= Recovery swap =

In finance, recovery swaps, recovery locks, or recovery default swaps (RDS) are derivative contracts related to credit default swaps, and reference a bond issuance as its underlying. They are designed to provide a hedge against the uncertainty of recovery in default.

The International Swaps and Derivatives Association does not keep records on the size of the recovery swap market because there has not yet been sufficient member demand.

==Terms==
A recovery swap is an agreement between two parties to swap a real recovery rate (whenever it is ascertained) with a fixed recovery rate that can be locked in today. The parties are speculating on whether a company that is no longer liquid will pay out more or less than a certain percentage for each bond. The reference price is set to the fixed recovery rate rather than 100, chosen such that the RDS prices at zero on issue. Since the swap is issued at a price of zero, if the reference entity does not default in the term of the swap, then the swap expires with no cashflows having taken place.

Because the swap only has value (to either counterparty) during a default, the main market in RDS involves bonds that pose a high risk of default, when the reference entity (company) is in financial difficulty.
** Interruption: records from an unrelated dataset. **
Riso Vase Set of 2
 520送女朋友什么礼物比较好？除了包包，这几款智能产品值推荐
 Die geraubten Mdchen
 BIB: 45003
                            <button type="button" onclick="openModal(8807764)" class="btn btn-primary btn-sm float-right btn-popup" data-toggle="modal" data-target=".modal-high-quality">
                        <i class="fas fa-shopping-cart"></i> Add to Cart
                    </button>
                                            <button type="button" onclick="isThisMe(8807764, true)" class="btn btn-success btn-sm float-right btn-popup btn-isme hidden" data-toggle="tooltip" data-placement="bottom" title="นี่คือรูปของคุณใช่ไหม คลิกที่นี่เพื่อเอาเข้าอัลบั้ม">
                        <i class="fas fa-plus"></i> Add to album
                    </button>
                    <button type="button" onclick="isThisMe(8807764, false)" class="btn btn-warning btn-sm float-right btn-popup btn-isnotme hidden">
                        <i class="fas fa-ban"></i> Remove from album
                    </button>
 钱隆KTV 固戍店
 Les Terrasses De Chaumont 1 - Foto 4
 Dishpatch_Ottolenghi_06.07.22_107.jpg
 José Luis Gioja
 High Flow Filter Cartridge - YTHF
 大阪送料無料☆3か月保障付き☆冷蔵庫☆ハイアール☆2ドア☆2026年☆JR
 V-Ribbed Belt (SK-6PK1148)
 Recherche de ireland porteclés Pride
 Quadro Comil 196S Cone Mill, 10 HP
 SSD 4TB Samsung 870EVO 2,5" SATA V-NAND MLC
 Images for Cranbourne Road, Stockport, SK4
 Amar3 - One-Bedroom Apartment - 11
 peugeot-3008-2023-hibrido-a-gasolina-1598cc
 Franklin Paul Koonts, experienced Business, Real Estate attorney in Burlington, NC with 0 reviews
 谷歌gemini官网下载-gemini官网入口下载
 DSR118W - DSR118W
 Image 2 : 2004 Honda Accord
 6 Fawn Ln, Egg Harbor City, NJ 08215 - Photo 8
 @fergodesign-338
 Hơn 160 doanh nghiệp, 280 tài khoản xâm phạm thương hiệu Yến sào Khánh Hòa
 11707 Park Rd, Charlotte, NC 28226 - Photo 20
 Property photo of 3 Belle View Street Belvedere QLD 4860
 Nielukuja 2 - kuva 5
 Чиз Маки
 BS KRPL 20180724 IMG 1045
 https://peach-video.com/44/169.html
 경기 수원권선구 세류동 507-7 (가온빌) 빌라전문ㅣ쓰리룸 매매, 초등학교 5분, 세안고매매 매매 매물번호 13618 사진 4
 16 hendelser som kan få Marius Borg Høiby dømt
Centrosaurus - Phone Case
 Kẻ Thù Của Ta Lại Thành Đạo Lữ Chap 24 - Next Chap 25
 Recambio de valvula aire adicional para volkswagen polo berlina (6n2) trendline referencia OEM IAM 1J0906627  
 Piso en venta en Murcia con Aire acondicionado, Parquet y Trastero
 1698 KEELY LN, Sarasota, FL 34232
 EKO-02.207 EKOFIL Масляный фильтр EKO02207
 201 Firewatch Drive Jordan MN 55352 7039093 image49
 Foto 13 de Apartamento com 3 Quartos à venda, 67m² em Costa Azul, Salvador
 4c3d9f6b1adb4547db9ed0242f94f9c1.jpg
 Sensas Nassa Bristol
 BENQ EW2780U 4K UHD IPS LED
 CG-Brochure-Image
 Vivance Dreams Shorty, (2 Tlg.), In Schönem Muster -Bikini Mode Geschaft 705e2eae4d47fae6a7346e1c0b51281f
==Connection to fixed recovery CDS==
A related instrument is a fixed recovery CDS. In theory an RDS protection (receive fixed recovery) can be approximated by buying protection with fixed CDS (binary CDS) and selling the ordinary CDS (writing protection). In reality there may be a slight difference in the terms of the swaps, particularly relating to settlement. It is usually the case that fixed recovery CDS are settled immediately, since there is no need to wait for recovery to be determined, whereas a recovery swap will wait until the ordinary CDS is settled before paying out.